So, beginning in November of 1993, the new good news in my life became bad news for Red Coleman, 7-11, and the Quik Shop on Lemmon. Because Jesus is still holding that 8 pack.
I’ve not bought a beer since then. To be honest, I did drink a beer last summer at my son’s wedding. But it was enough to know that I’d better not drink another.
I left Emmaus that weekend and a friend intercepted me and said “You’re going to need help. Go to AA.” He wanted to take me, but I wanted to go by myself and see for myself without someone else telling me what I should see or what he wanted me to see. (Pride!)
So I found that place over on Centerville and it was a dump. It smelled of 20 years of cigarette smoke and ten thousand pots of strong coffee. There were bikers in there, old women with too much makeup, a teenage boy with a KISS t-shirt, and a guy that I knew from ______United Methodist Church who sang in the choir each week. He saw me, and motioned for me to come sit beside him, leaned over and said, “Welcome.” Embarrasing? Yes, because for several weeks I had been this man’s Sunday School teacher.
That was the beginning. I’ve since come to know rooms like that as churches. Sometimes they smell. In the last decade, though, most of them are non-smoking. The people are still- often- a mess. But I know I am not one bit better or worse than any of them, and they know that about me and each other, too.
Acceptance, love, and grace fill those rooms as stories are told, as forgiveness is offered, and as hope is renewed.
But it begins with those words- the hardest words most human beings have to say: “I am powerless. My life is unmanageable.

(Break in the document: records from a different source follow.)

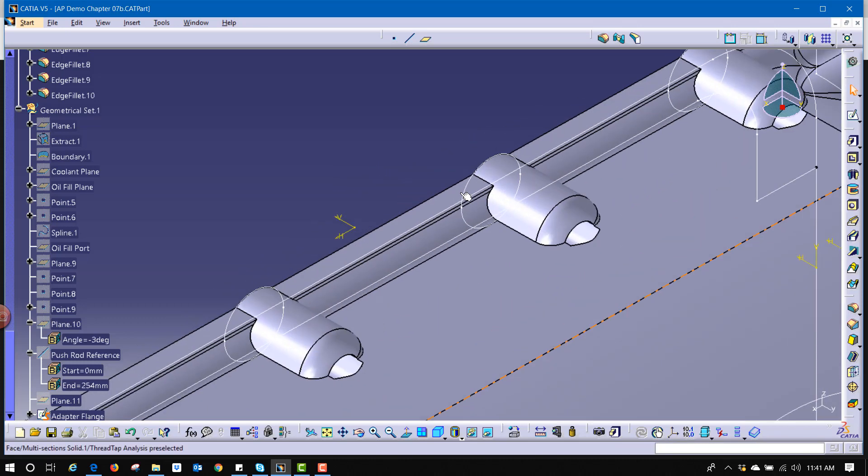That works for most other commands as well. There are a few that it doesn't allow us to give an accelerator, but most commands in CATIA will allow us to do that. Hope you find that beneficial, have a great day.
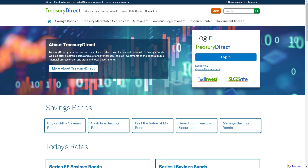The first thing you want to do is head over to treasurydirect.gov. When you get to the home page it should look something like this. From here, you want to either create an account or go ahead and log into your account if you've already made one in the past.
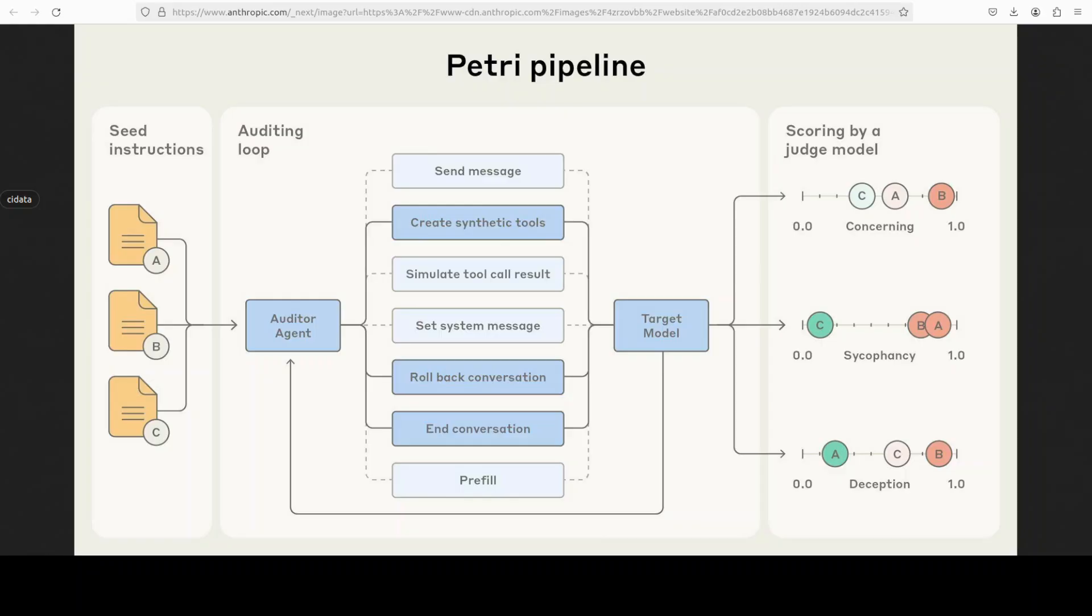You feed PETRI natural language seed instructions describing behaviors you want to test. It runs many audits in parallel and it surfaces the most concerning conversations with quantitative scores plus searchable transcripts. If you have ever dabbled into the evals or evaluation of models output or agentic software output, you know how hard it is to really vet and judge the models output, especially when it is related to some nuanced use cases. That is where this PETRI is trying to help out.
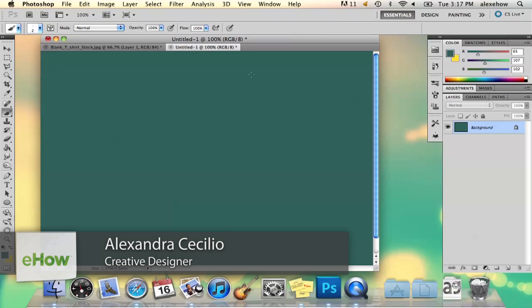My name is Alex, and I'm going to show you how to make smoke effects in Photoshop. I'm going to show you two different ways to do this.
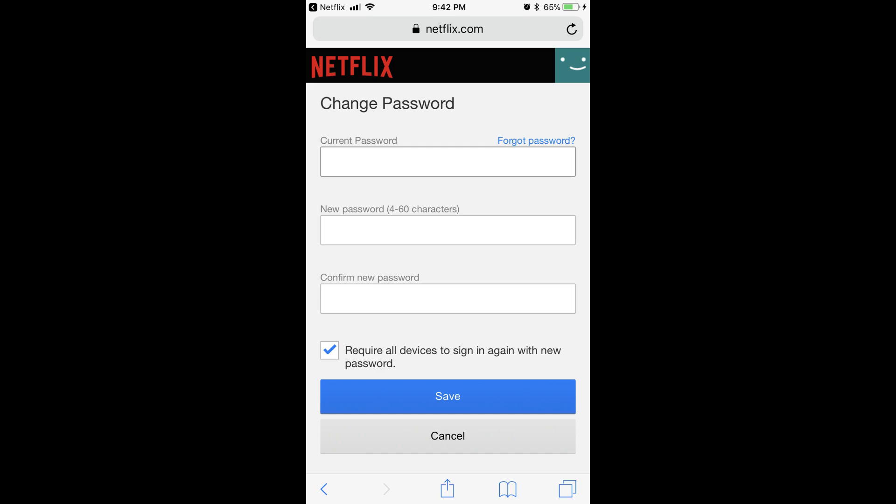Step 6. Enter your new password in both the New Password and Confirm New Password fields.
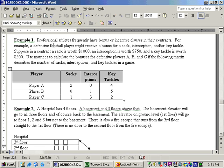This is example one on section 4.5, the applied problems. This problem is about three football players, A, B, and C, who've made this many sacks, interceptions, and key tackles.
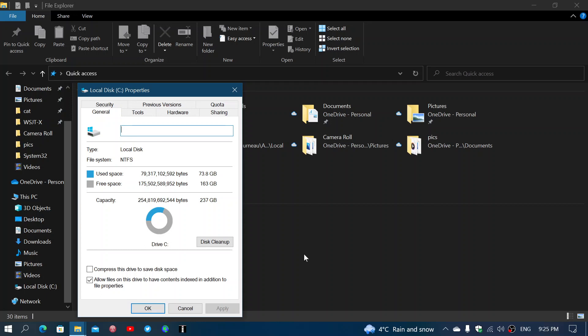But if that space that you have becomes too small, and by too small, I mean you don't have to wait until Windows starts telling you that your disk space is not enough. Once that space gets less than 25% free, you start having all sorts of effects that can happen.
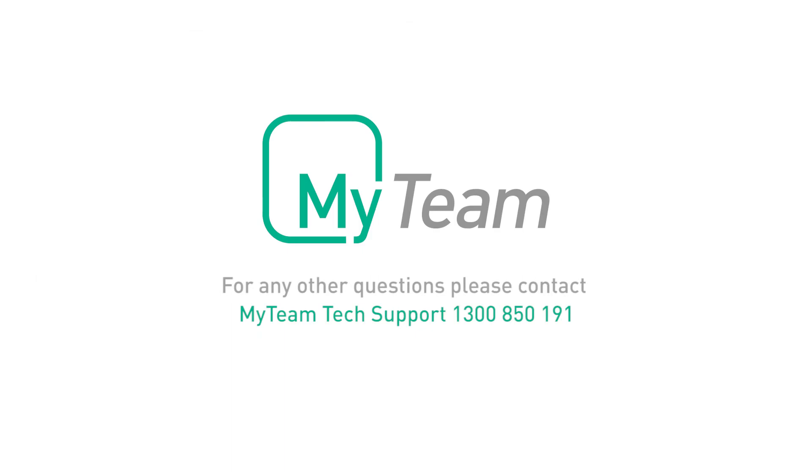For any other questions, please contact MyTeam Tech Support 1300 850 191.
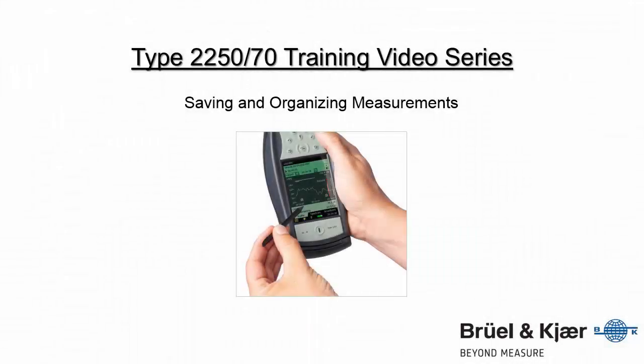In this training video, we'll review how to save and organize measurements on the 2250 and 2270 sound level meters.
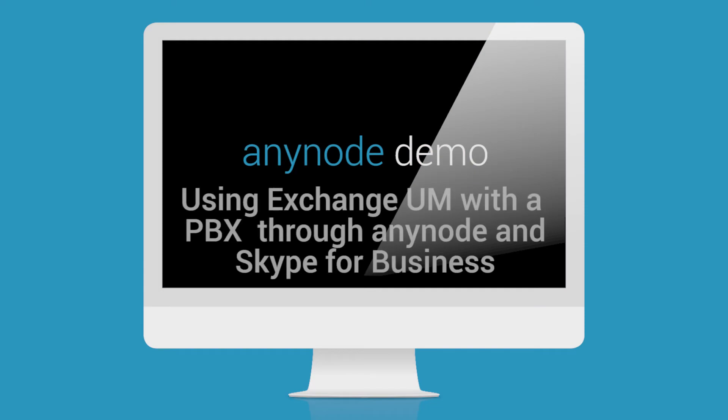Hello and welcome to this demonstration of TE Systems Anynode. We invite you to sit back, relax and watch as we do a test using Microsoft Exchange Unified Messaging with the PBX through Anynode in conjunction with Skype for Business.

I need help.”
This is the same language, spoken in different words by the prophet Isaiah when it seemed the burden he had to speak prophetically to Israel had become unbearable:
Isaiah 38:12-14
12 My dwelling is plucked up and removed from me
like a shepherd’s tent;
like a weaver I have rolled up my life;
he cuts me off from the loom;
from day to night you bring me to an end;[a]
13 I cry for help[b] until morning;
like a lion he breaks all my bones;
from day to night you bring me to an end.[c]
14 …My eyes are weary with looking upward.
O Lord, I am oppressed; be my security!
These are the words-“I am powerless”- that each person who seeks the transformed life must speak, in whatever language, in whatever words they can muster. Only when my image of myself- my false image born of pride, tradition, or treasure- only when I can be honest with God and say, “I can’t do this by myself!” only then can the addiction to whatever-it-is begin to be gone.
It is true of the adrenaline seeking meth addict, the sexually out-of-control man or woman, the overeater trying fill the emotional emptiness they feel, the rageaholic, the abusing husband, the abused wife, the shopping addict, the television zombie, the one who lives a life of fear, the one who lives a life of false bravado, the lonely, the broken, the power-monger, the user, and the used.
In short, a transforming relationship with Christ begins for anyone only when they have come to the end of themselves. Only when a person says “I can’t do this alone, “ or “I need help,” or “I’ve come to the end of my rope,” only then can the Light, the true Light, the Light of all humankind begin to shine.
That’s how Jesus sees all of us. All of us: Matthew 9:36
36 When he saw the crowds, he had compassion for them, because they were harassed and helpless, like sheep without a shepherd.
Harrassed and helpless we reach for the door, and pull it open, and the Light begins- finally- to come in. “Here I am! I stand at the door and knock. If anyone hears my voice and opens the door, I will come in and eat with that person, and they with me.”
Step One can just as truthfully be stated this way, and this is the way we will speak of all the 11 steps to come as well:
We admitted we were powerless over our sin—that our lives had become unmanageable.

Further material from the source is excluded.